Noted Harvard University physicist and cosmologist Lisa Randall will be the final speaker in this year’s Syracuse Symposium, “Imagination,” presented by Syracuse University’s College of Arts and Sciences, on Wednesday, Nov. 29.

Randall’s presentation will begin at 7:30 p.m. in Gifford Auditorium, located in Huntington Beard Crouse Hall, and is free and open to the public. Parking is available in Irving Garage.

Randall is one of the leading theorists trying to resolve what is perhaps the deepest problem in physics, which is that two of its most successful theories — quantum mechanics (for elementary particles) and the general theory of relativity (for gravity) — are apparently incompatible. She explains the quest to find a solution in her recent book, “Warped Passages: Unraveling the Mysteries of the Universe’s Hidden Dimensions” (Ecco, 2005), which was included in The New York Times’ 100 notable books of 2005. In her lecture, Randall will speak about her celebrated work on this most intractable problem.
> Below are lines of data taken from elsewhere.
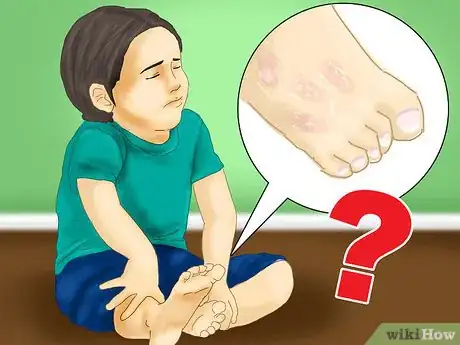 Imagen titulada Recognize Hives (Urticaria) Step 7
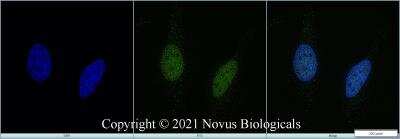 Immunocytochemistry/ Immunofluorescence: KAT3B/p300 Antibody (RW128) - BSA Free [NB100-507]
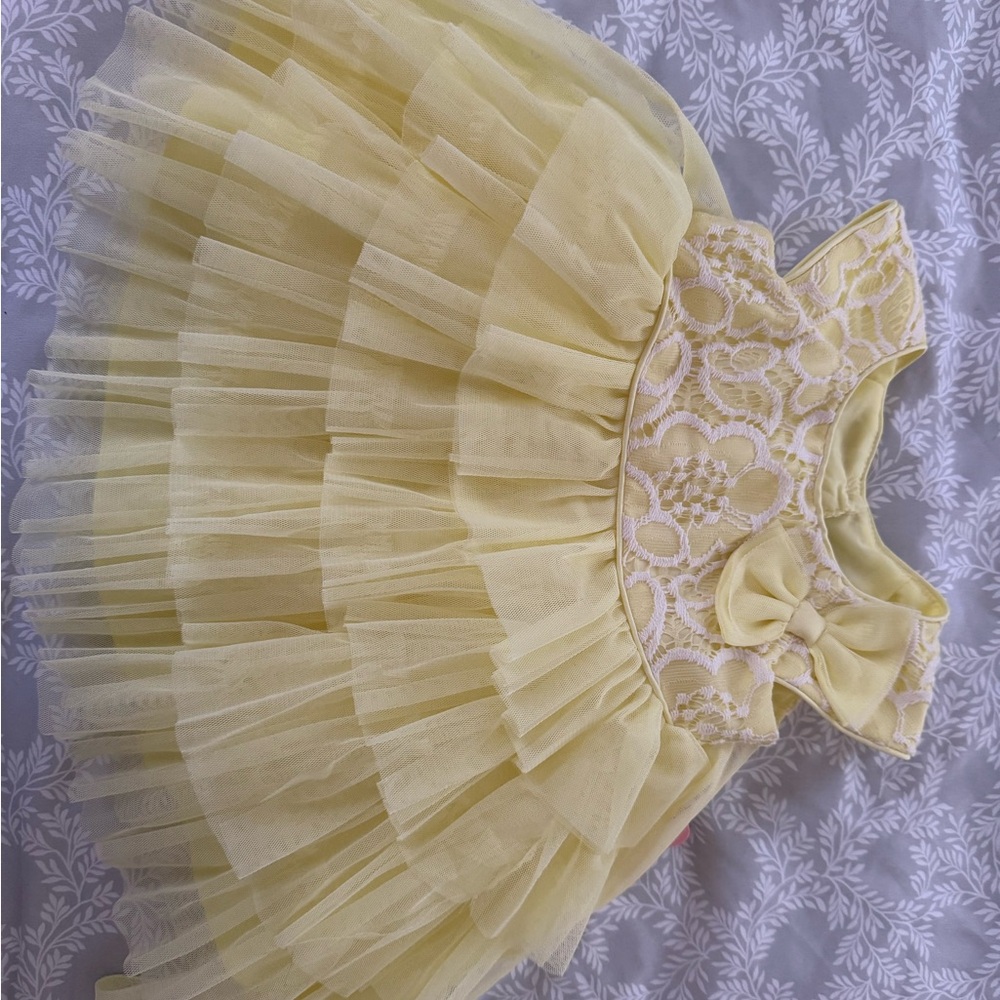 Yellow Lace Baby Dress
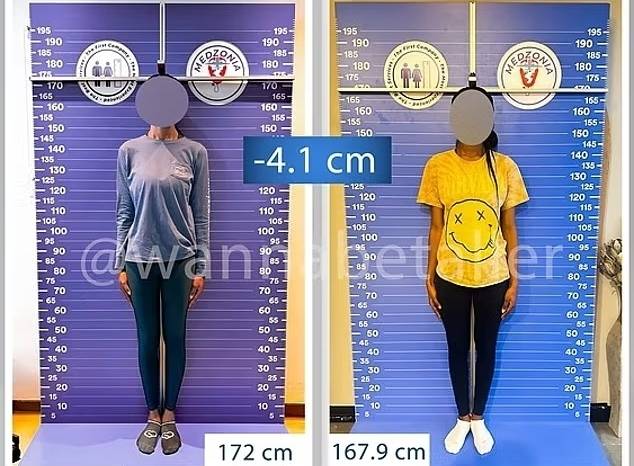 24일(현지시간) 데일리메일에 따르면 최근 튀르키예에서는 이른바 ‘키 축소 수술’이 새로운 의료 관광 상품으로 자리 잡고 있다. 사진은 튀르키예 이스탄불의 ‘하이트 리덕션’에서 키 축소술을 받고 키를 4.1㎝ 줄인 여성 환자. 하이트 리덕션 자료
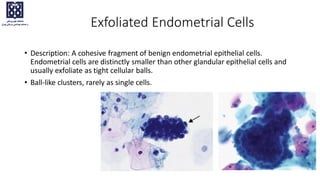 Exfoliated Endometrial Cells
• Description: A cohesive fragment of benign endometrial epithelial cells.
Endometrial cells are distinctly smaller than other glandular epithelial cells and
usually exfoliate as tight cellular balls.
• Ball-like clusters, rarely as single cells.
 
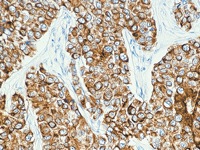 Breast cancer stained with CK7 antibody
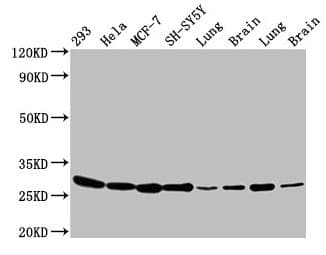IHC-plus™ BCAP31 / BAP31 Antibody (aa 2-234)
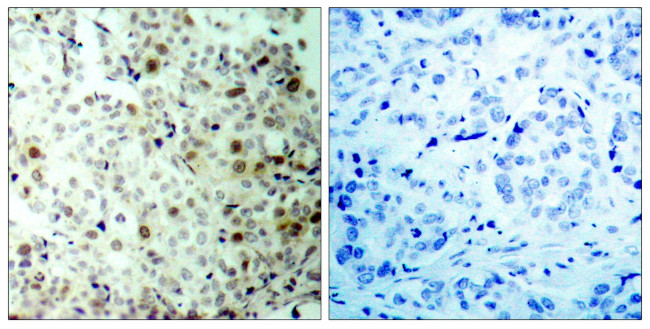 Phospho-CDK2 (Thr160) Antibody in Immunohistochemistry (Paraffin) (IHC (P))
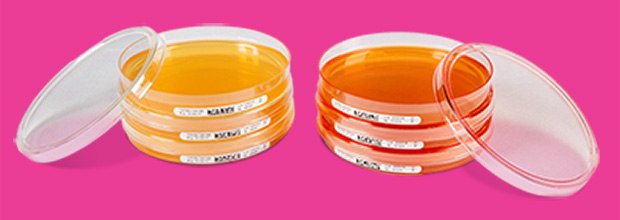 Various petri dishes filled with agar, used for microbial sampling and air monitoring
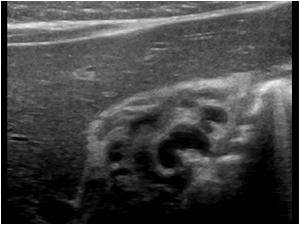 Detail image of the structures next to the gallbladder showing tortuous veins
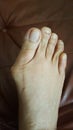 Abnormalities on the right foot Royalty Free Stock Photo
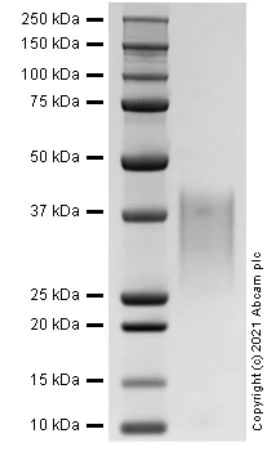 SDS-PAGE - Recombinant Rat CCL2/JE/MCP-1 Protein (AB283927)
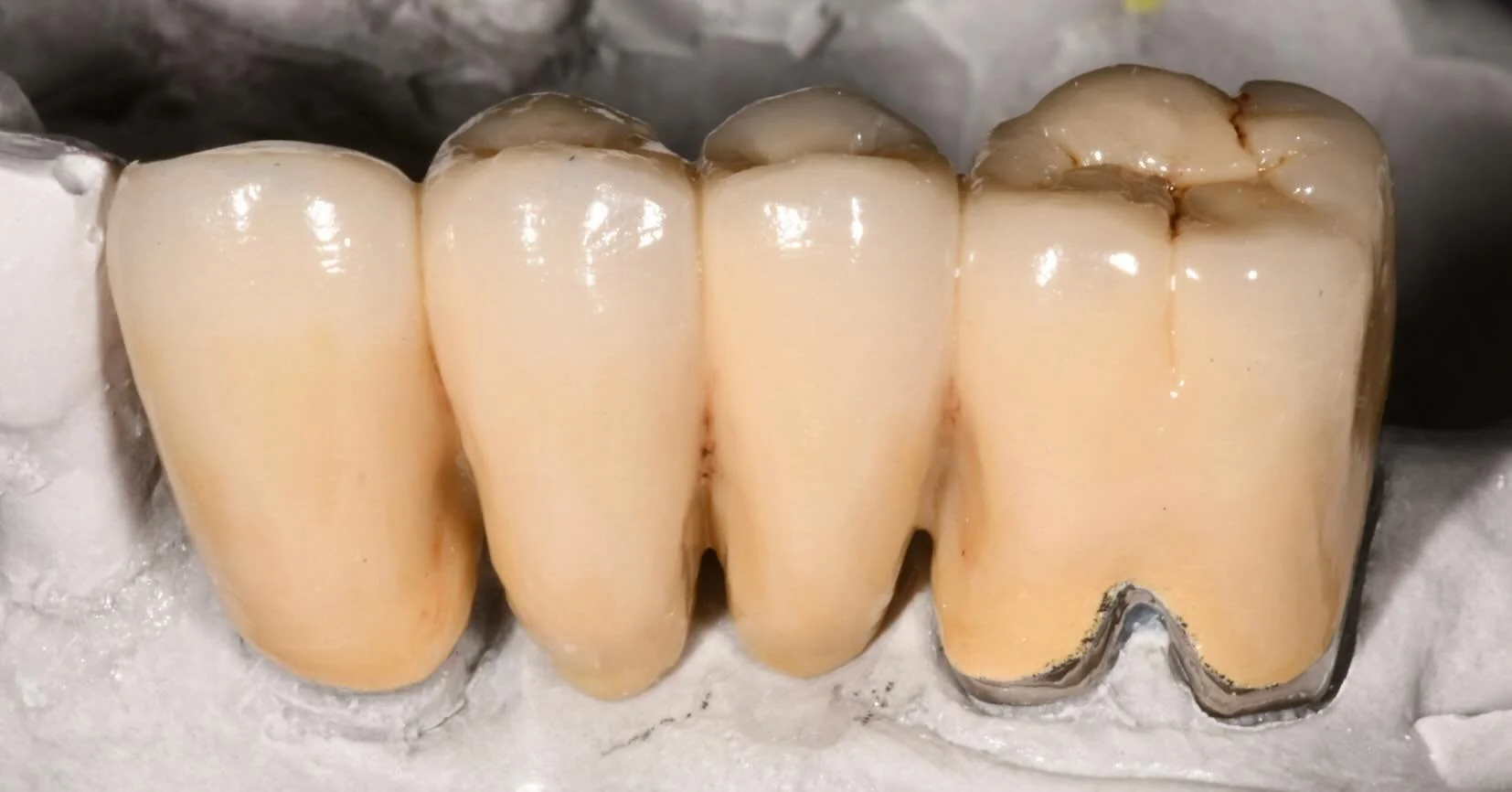 Sometimes old school is still the best.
Randall earned her Ph.D at Harvard University and held professorships at the Massachusetts Institute of Technology and Princeton University before returning to Harvard in 2001. She is a member of the American Academy of Arts and Sciences, a fellow of the American Physical Society and a past winner of an Alfred P. Sloan Foundation Research Fellowship, a National Science Foundation Young Investigator Award, a DOE Outstanding Junior Investigator Award and the Westinghouse Science Talent Search. She was featured in Seed Magazine’s “2005 Year in Science Icons ” and in Newsweek’s “Who’s Next in 2006.”
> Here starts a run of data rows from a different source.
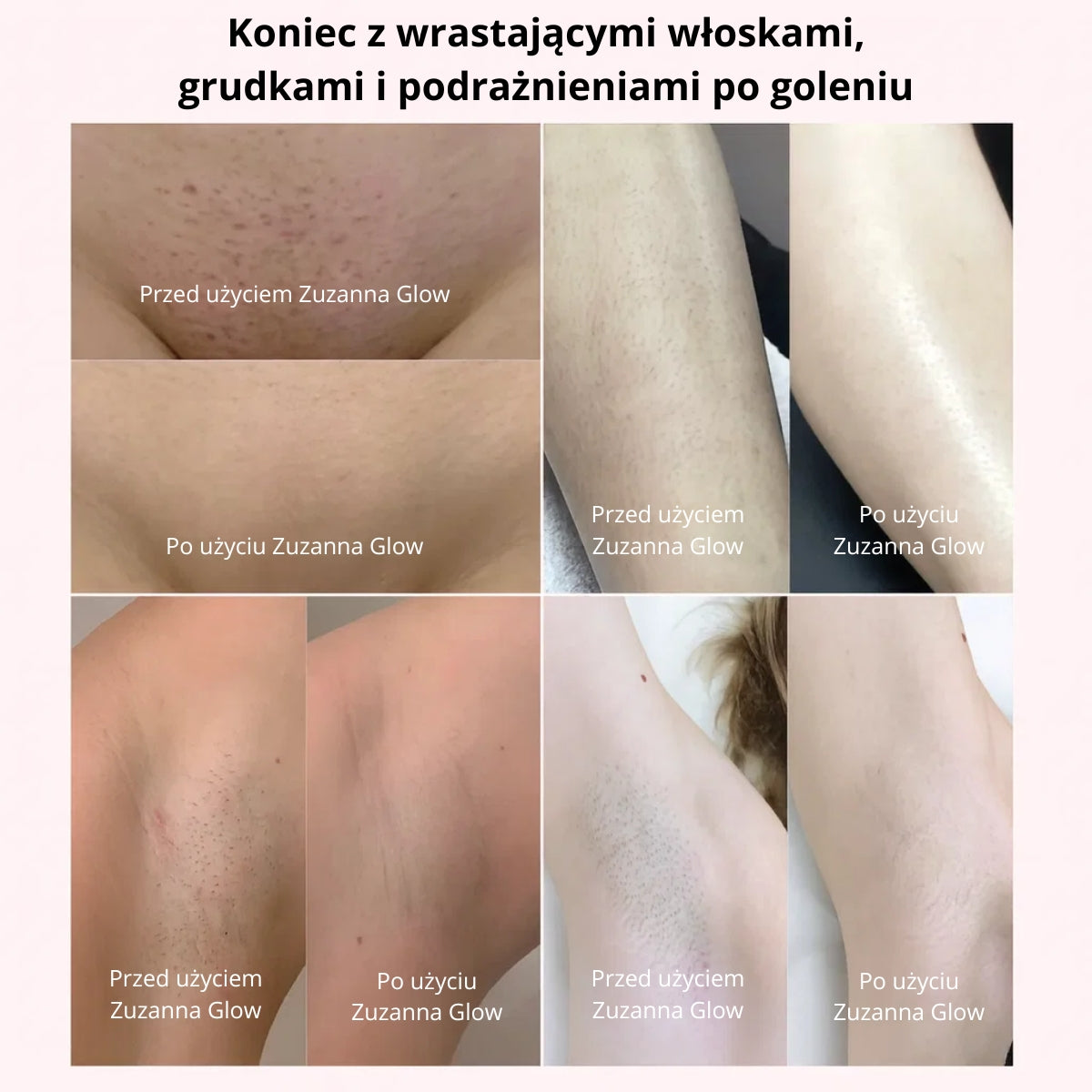 Zuzanna Glow Trymer 2w1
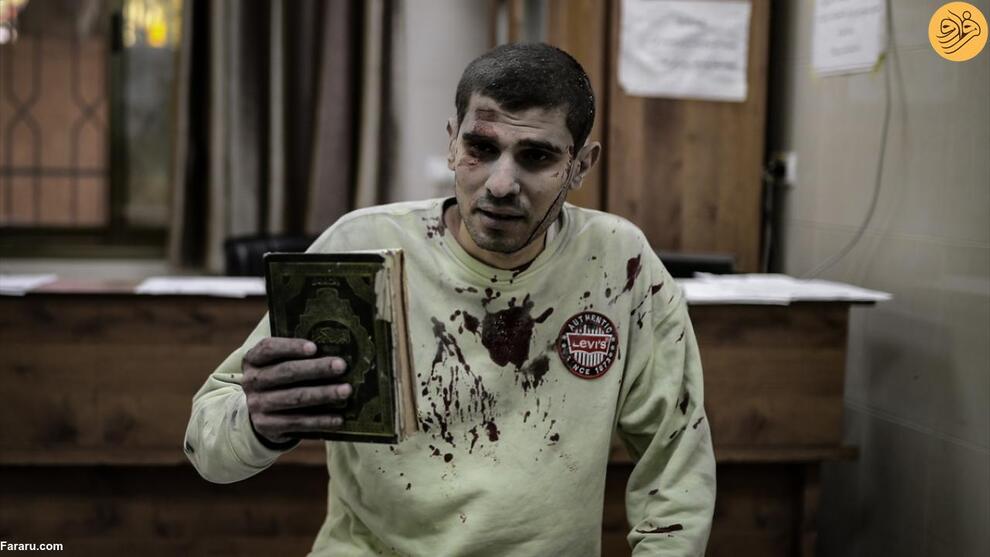 (تصاویر) هیچ پایانی برای مصیبت کودکان غزه دیده نمی‌شود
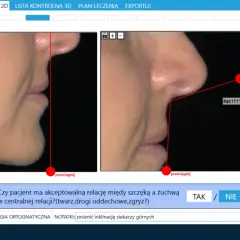 Analiza profilu twarzy, ocena prawidłowego ułożenia szczęki i żuchwy.
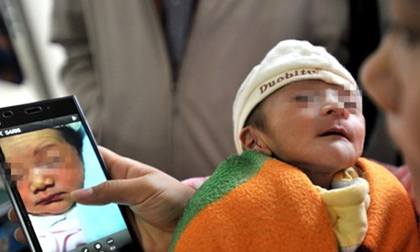 Bé trai 24 tháng tuổi đột ngột biến thành ông lão già nua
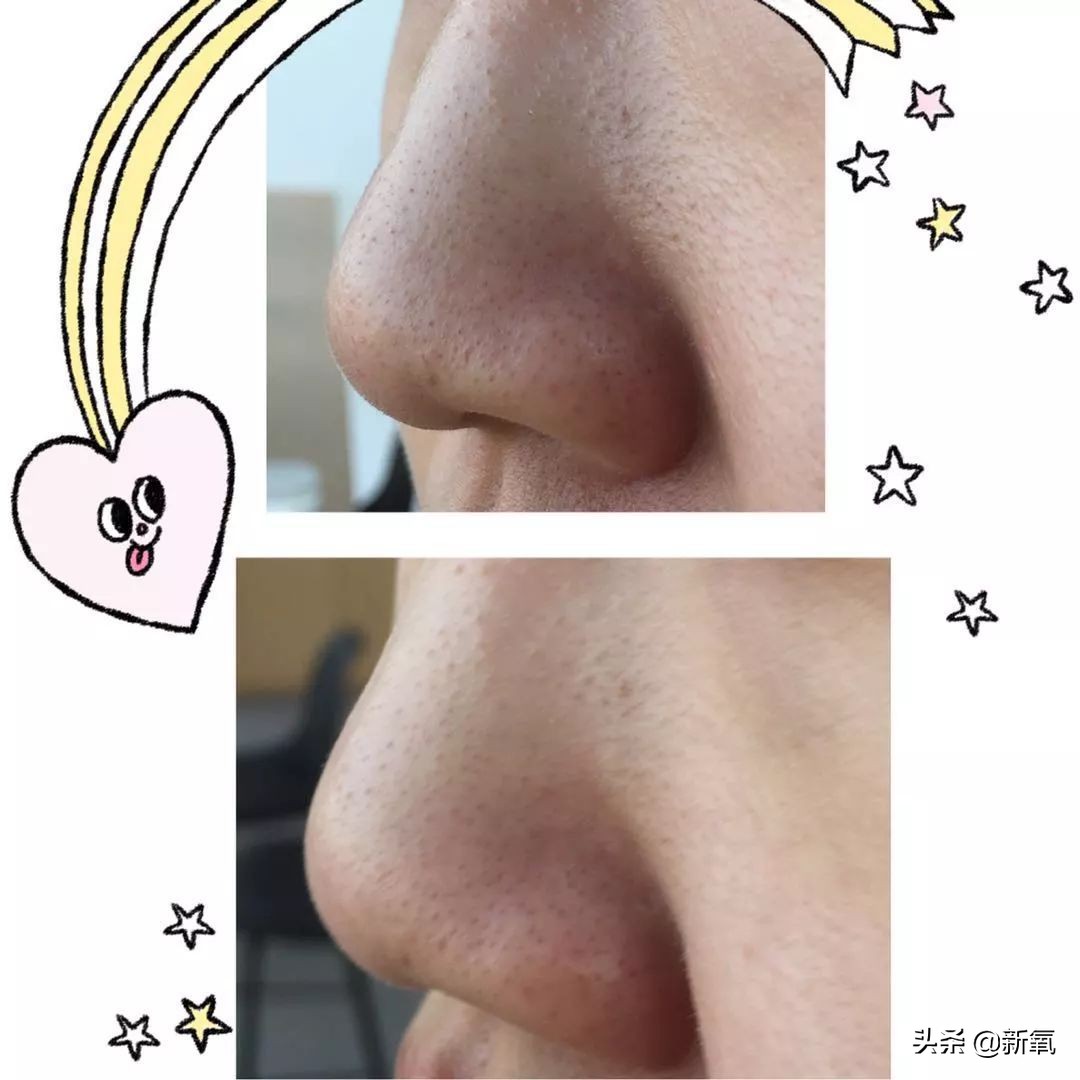 亲测非常有效的去黑头方法,去黑头最有效的方法三天见效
Co-sponsors for the event are the Department of Physics, the Renee Crown University Honors Program, the Department of Science Teaching and the Women in Science and Engineering Program.

The symposium is a semester-long intellectual and artistic festival that celebrates interdisciplinary thinking, imagination and creation. This year’s theme is “Imagination.” For more information on symposium events and exhibitions, visit http://symposium.syr.edu.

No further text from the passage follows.